Advanced Techniques¶
Specifying Dependencies¶
While the pattern laid out in Scraper Basics is fairly common, sometimes data is laid out in other ways that doesn't fit as neatly with the list & detail page workflow.
For example, take a look at the page https://scrapple.fly.dev/awards, which lists some awards that some Yoyodyne employees have won.
In some cases you may decide to scrape this data separately using the typical HtmlListPage
approach, but let's say you want each employee to have a list of their awards as part of the EmployeeList
/EmployeeDetail
scrape.
Scraping the New Page¶
First let's write a quick page scraper to grab the award name & year and associate them with a person's name:
# add to imports
from collections import defaultdict
from dataclasses import dataclass
@dataclass
class Award:
award: str
year: str
class AwardsPage(HtmlPage):
source = "https://scrapple.fly.dev/awards"
def process_page(self):
# augmentation pages will almost always return some kind of dictionary
mapping = defaultdict(list)
award_cards = CSS(".card .large", num_items=9).match(self.root)
for item in award_cards:
award = CSS("h2").match_one(item).text.strip()

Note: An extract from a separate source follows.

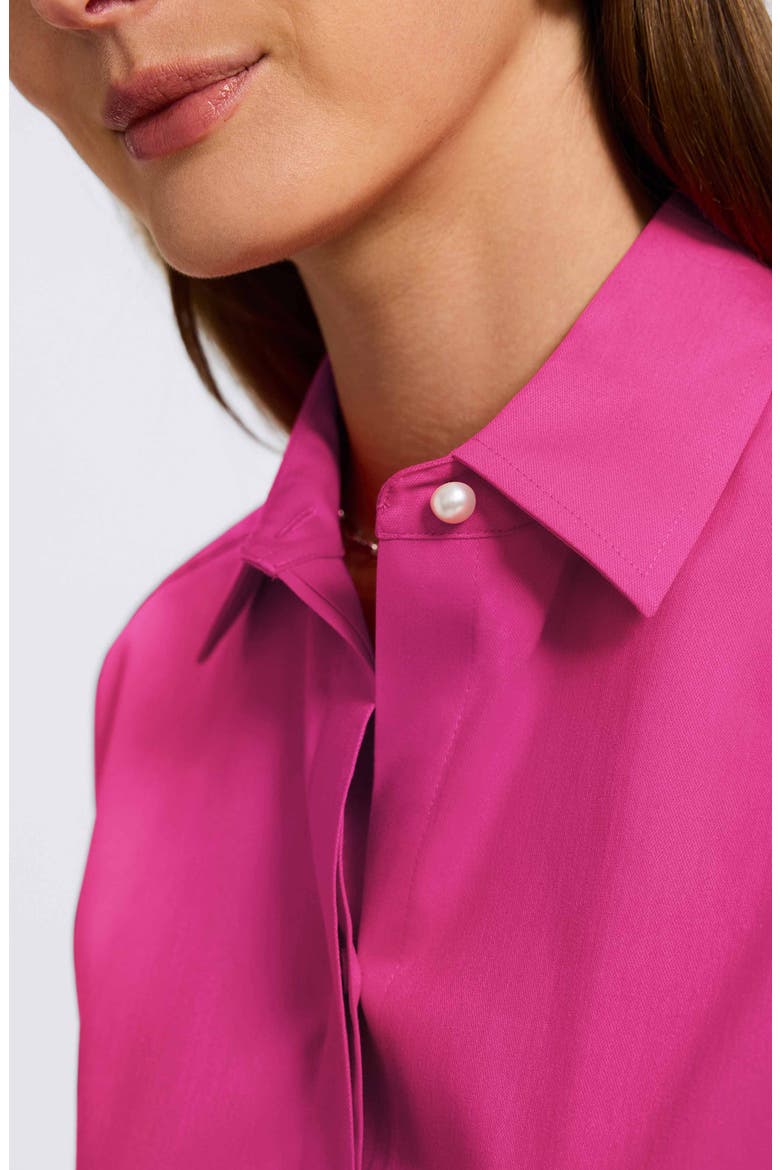 Matte Sateen Button-Up Shirt, Alternate, color, PINK TOURMALINE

year = CSS("small").match_one(item).text
# make sure we got exactly 2 <dd> tags, and we take the second
name = CSS("dd").match(item, num_items=2)[1].text
# map the data based on a key we know we have elsewhere in the scrape
mapping[name].append(Award(award=award, year=year))
return mapping
Running this scrape yields a single dictionary:
$ spatula test quickstart.AwardsPage
INFO:quickstart.AwardsPage:fetching https://scrapple.fly.dev/awards
defaultdict(<class 'list'>,
{'John Coyote': [Award(award='Album of the Year', year='1997')],
'John Fish': [Award(award='Cousteau Society Award', year='1989')],
'John Lee': [Award(award='Most Creative Loophole', year='1985')],
'John Many Jars': [Award(award='2nd Place, Most Jars Category', year='1987')],
"John O'Connor": [Award(award='Nobel Prize in Physics', year='2986')],
'John Two Horns': [Award(award='Paralegal of the Year', year='1999')],
'John Whorfin': [Award(award='Nobel Prize in Physics', year='1934'),
Award(award='Best Supporting Actor', year='1985')],
'John Ya Ya': [Award(award='ACM Award', year='1986')]})
Add the Dependency¶
Now that this page is working, we can connect it to our previously written EmployeeList
scrape.
class EmployeeDetail(HtmlPage):
dependencies = {"award_mapping": AwardsPage()}
...
This line ensures that each instance of EmployeeDetail
will be have a self.award_mapping
attribute, pre-populated with the result of AwardsPage
.
If you pass an instance of a page then each EmployeeDetail
will share a cached copy of AwardsPage
, ensuring it is only scraped once.
Use the Dependency Data¶
The final step now is to actually use the mapping to attach the awards to the employees:
class Employee(PartialEmployee):
status: str
hired: str
awards: list[Award]
And then within EmployeeDetail
:
def process_page(self):
status = CSS("#status").match_one(self.root)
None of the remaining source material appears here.